Try it: Everything from the line with "Small dog wearing" to the end of the data below, both lines included, should be transcribed exactly; please omit the pictures.

Provided records:
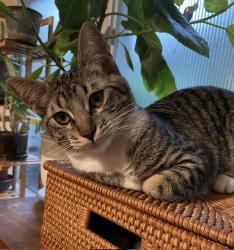 Lost Female Cat last seen West Blvd, between Washington and 23rd Street., Los Angeles, CA 90016
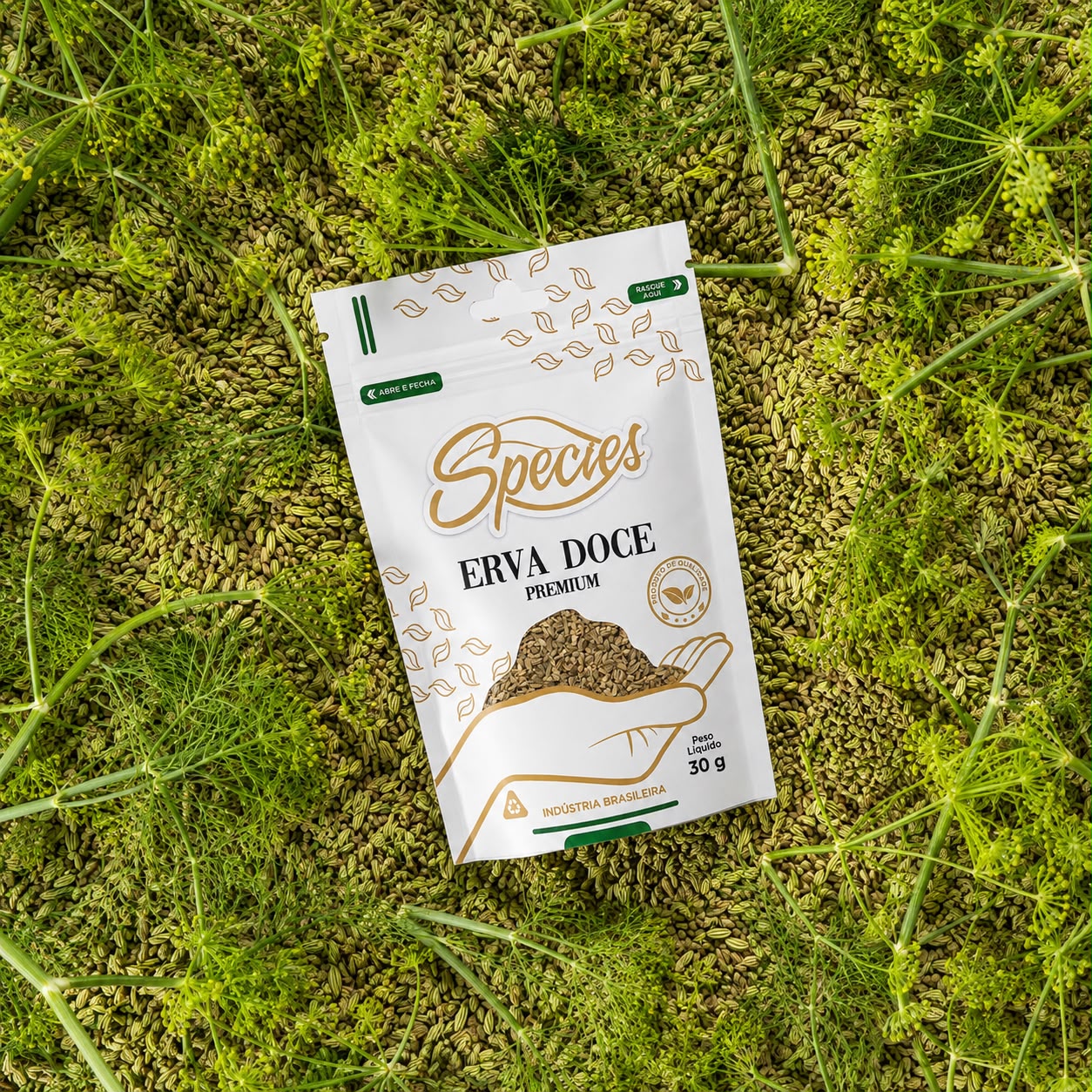 Erva-Doce Premium Species 30g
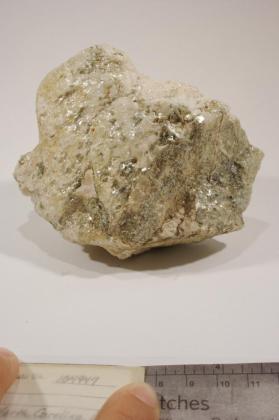 OLIGOCLASE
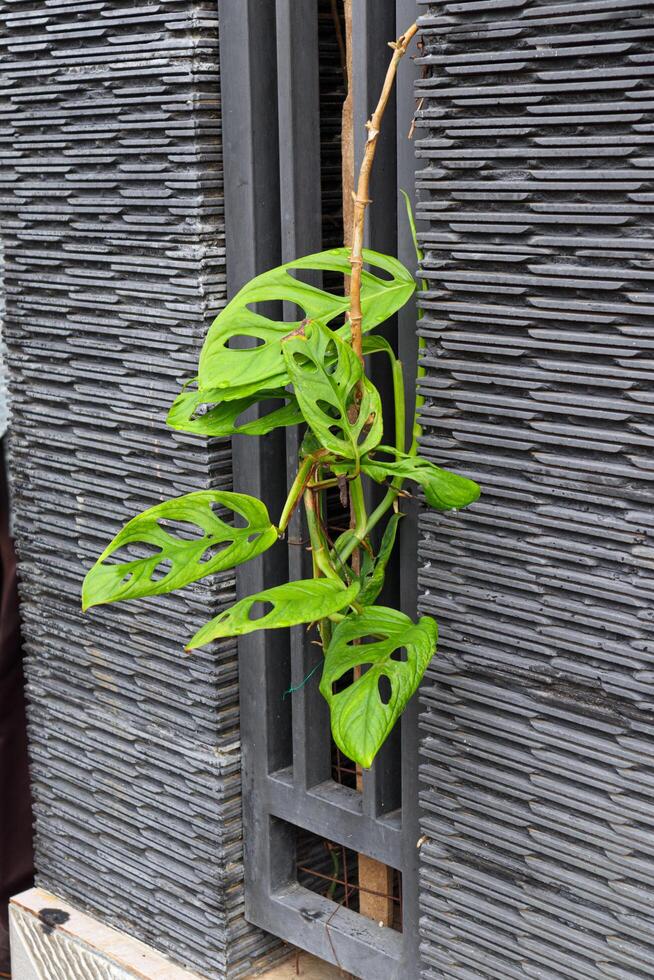 Monstera obliqua or also often called the Janda Bolong plant is a very rare ornamental plant and is very good as an ornamental plant. stuck to the wall of the house photo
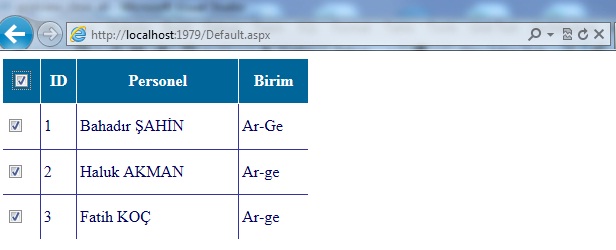 Resim4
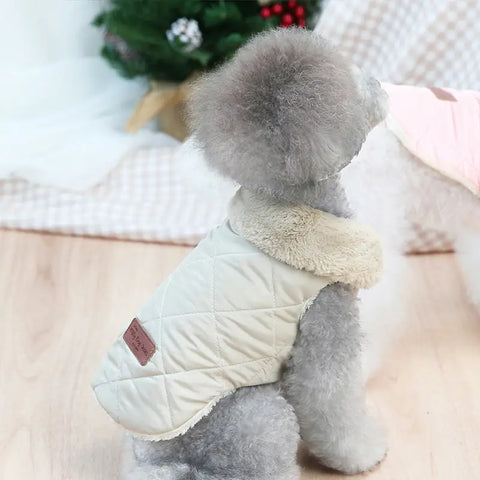 Small dog wearing a white quilted coat with fluffy pom-pom detail for stylish warmth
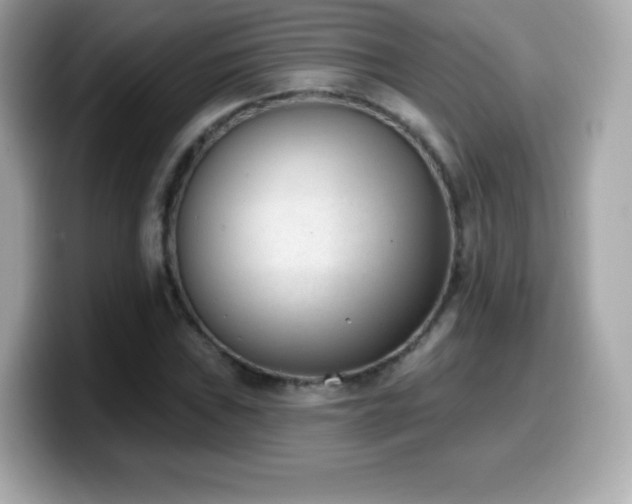 X0000099971019200805231400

Written response:
 Small dog wearing a white quilted coat with fluffy pom-pom detail for stylish warmth
 X0000099971019200805231400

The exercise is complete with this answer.